Awhile ago, I decided that I needed a drawer for the bottom of my closet. Zach has a whole bunch in his closet, but they're cedar and, from what he told me, really expensive. Also, he couldn't seem to tell me where he had gotten them, other than "the Internet." I did some Internet searching, but all I could really find were plastic storage drawers that weren't the right size.
Then one day, while browsing the blogosphere, I realized that people are building things with drawers, and I should be able to just take the relevant information from that to build a single stand-alone drawer for my closet. Then I found Ana White and pretty much fell in love. She has an amazing site filled with instructions for building probably just about anything you could want. And the site has a good search capability to search through all her projects, which I did, searching only for "drawer." That's how I came upon her tutorial for making an entryway bench with drawer and hutch. The bottom part, the drawer bench, is basically what I wanted, with some minor dimensional tweaks. I got so excited, I couldn't wait to get home to measure my space and start drawing up my plans! I almost left work early, but I exerted some self-control and stayed. But as soon as I got home, I got to work, measuring my closet area, drawing some plans on graph paper, and figuring out how much of what size boards I would need. Then I just wished it was the weekend instead of Wednesday, so I could get started.

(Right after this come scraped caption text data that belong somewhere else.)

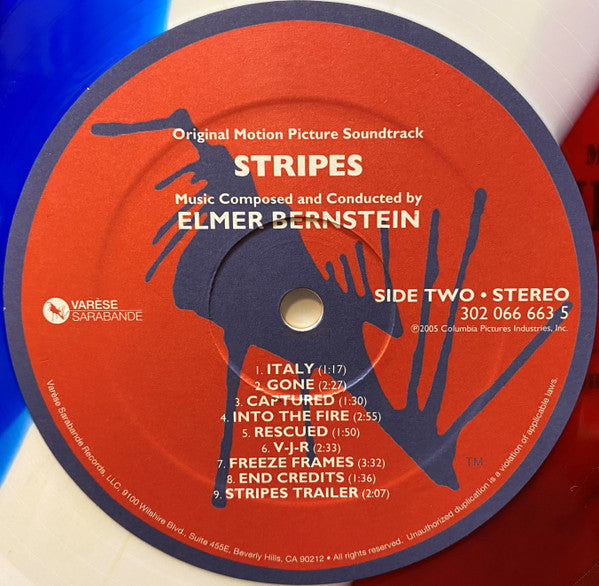 Elmer Bernstein : Stripes (Original Motion Picture Soundtrack) (LP, Album, Ltd, Red)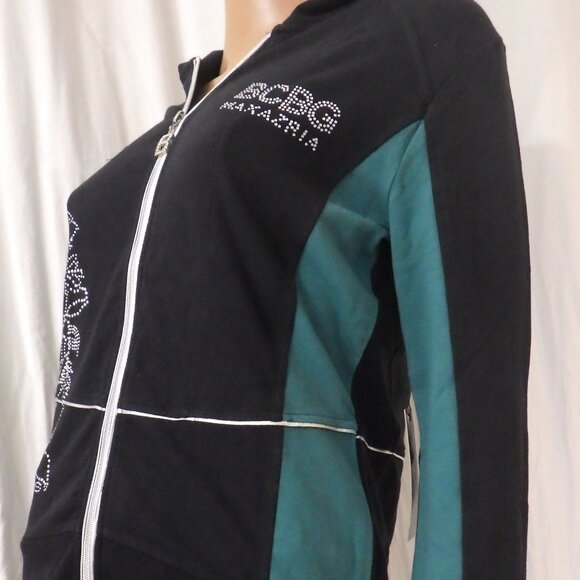 NWT BCBG sz SMALL MED LG XL 95% cotton TEAL BLK COLORBLOCK STUDDED 2PC TRACKSUIT - Picture 12 of 14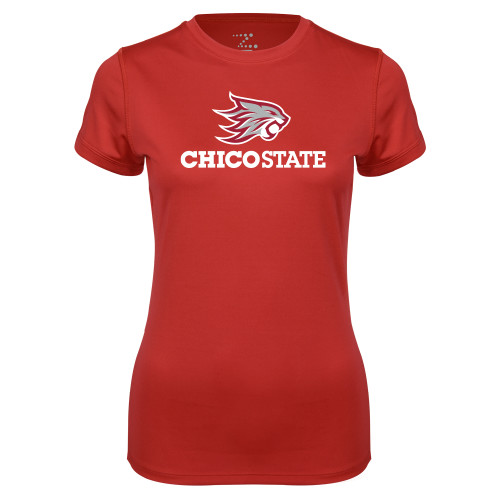  Womens Red Performance Tee - Chico State Primary Mark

Ana White's tutorial is wonderful, with great instructions and drawings, so I won't attempt to recreate it here. Instead, I'll just note where I differed from her plans, which is mainly in the dimensions. After measuring my closet floor, I decided to make my drawer 28" wide, 18" deep, and 10" tall. After lots of drawing and thinking and math, I determined that I should get 9' of 1x18, 4' of 1x8, and 6' of 1x2. As some of you may know, you can't get 1x18 boards. When Ana White says to use boards of odd sizes, she means get plywood and cut it to your needs. I did some more math to figure out what sizes to get my boards pre-cut at Home Depot so they would fit in my car and loaded it all up. Occasionally, I wish I had a truck.
I got all my pieces cut and spray-primed them with Kilz. I thought that would be easier/faster than using regular primer, which takes longer both to apply and to dry.
I assembled the outside using 2" nails. In hindsight, I wish I had used pocket holes/screws. It would have looked nicer and probably would have assembled more cleanly too. I don't have a pocket hole jig, but for the drawer, I borrowed one from my awesome friend who often lets me borrow his tools, and it was great. Pocket hole jig is going on my Christmas wish list!
I had some difficulty with the drawer fitting, probably due to things not being perfectly square and possibly from slightly off measurements/cutting. I had to do some last-minute sanding and trimming to get it all to work. Fortunately, it doesn't have to be super pretty, since it's going to sit on the floor of my closet, and probably no one but me will ever really see it. I finished the inside of the drawer off with Modge-podge and wrapping paper to cover up the pocket holes and give it a little nicer feel. I definitely learned a lot from this project, so if I did something similar again, it would probably be better.